Oliver sentiu uma certa dificuldade para respirar sem a ajuda do aparelho, mas se acostumou com o passar dos segundos.

- Onde que estou? Há quanto tempo tô assim? – Perguntou de volta, forçando para conseguir falar.

- Há mais ou menos 2 dias. – Respondeu, em um tom gentil e calmo, mas bastante sério. – Você quase morreu, Oliver. Se os policiais não tivessem chegado em sua casa naquele momento, você nem estaria aqui agora.

- Quem mandou os policiais?

- Seu pai. Depois da ligação que você fez.

- Ele está aqui?

- Está sim. Não saiu do hospital até que você acordasse. Dormiu aqui e tudo.

- Me deixe falar com ele.

- Tudo bem. – Olhou um caderno que estava em seu colo. – Mas apenas um pouco. Você ainda precisa descansar.

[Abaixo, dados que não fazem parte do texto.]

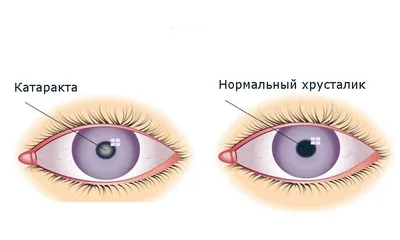 Вікова катаракта – що це, причини, симптоми та лікування | Блог | GlazGo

Ela se retirou da sala onde Oliver descansava depois de verificar sua respiração e batimento cardíaco.  Seus olhos continuavam fixos no teto, enquanto tentava lembrar do que havia acontecido.  Não demorou muito para que seu pai chegasse correndo naquela sala. O brilho da lâmpada fazia os olhos de Oliver arderem. Seu pai, com olhar choroso e cansado (era difícil imaginar como conseguiu ficar aquele tempo todo no hospital sem dormir) chegou perto dele, sem jeito, ansioso e preocupado. Lhe fez várias e várias perguntas e frases amorosas misturadas com desculpas e arrependimentos sobre o passado. Deitado naquela cama de hospital e com a mente confusa foi que, ironicamente, ele pôde notar o quão diferente seu pai estava. Até então não havia prestado tanta atenção na evolução que aconteceu em tão pouco tempo. Claro, ele percebeu de relance as características de sobriedade que Guilherme apresentou, mas em momento algum decidiu parar e refletir diante de tal situação. Tanta desgraça lhe aconteceu que sentiu que ficaria louco, e só a presença de seu pai no cemitério foi motivo para tudo piorar. Porém, agora, naquele ambiente, incapacitado de sair daquela cama, não havia outra coisa a fazer a não ser pensar. Oliver se assustou ao vê-lo daquela forma, pois talvez nunca pôde ter a oportunidade de presenciar um estado tão favorável em seu pai antes. Os poucos momentos em que estava sóbrio nunca pareceram algo bom, e sim um comportamento que demonstrava falsidade ou imprevisibilidade; afinal ele estava bem naquele momento, mas não significava que continuaria da mesma forma no momento seguinte. Oliver se sentia estranho, pois dentro de si, como uma faísca brilhante em uma dança frenética, se remexia uma sensação diferente. Talvez não diferente por si só, mas por quem essa sensação se manifestava. Nunca antes tinha sentido algo parecido pelo pai, e isso era estranho, já que até então tudo que sentiu por ele não passou de ódio ou até pena. Mas então por que sentia isso? Mesmo que pouco, ainda estava lá. Era uma sensação adocicada, fraca, mas quente. Tudo muito estranho.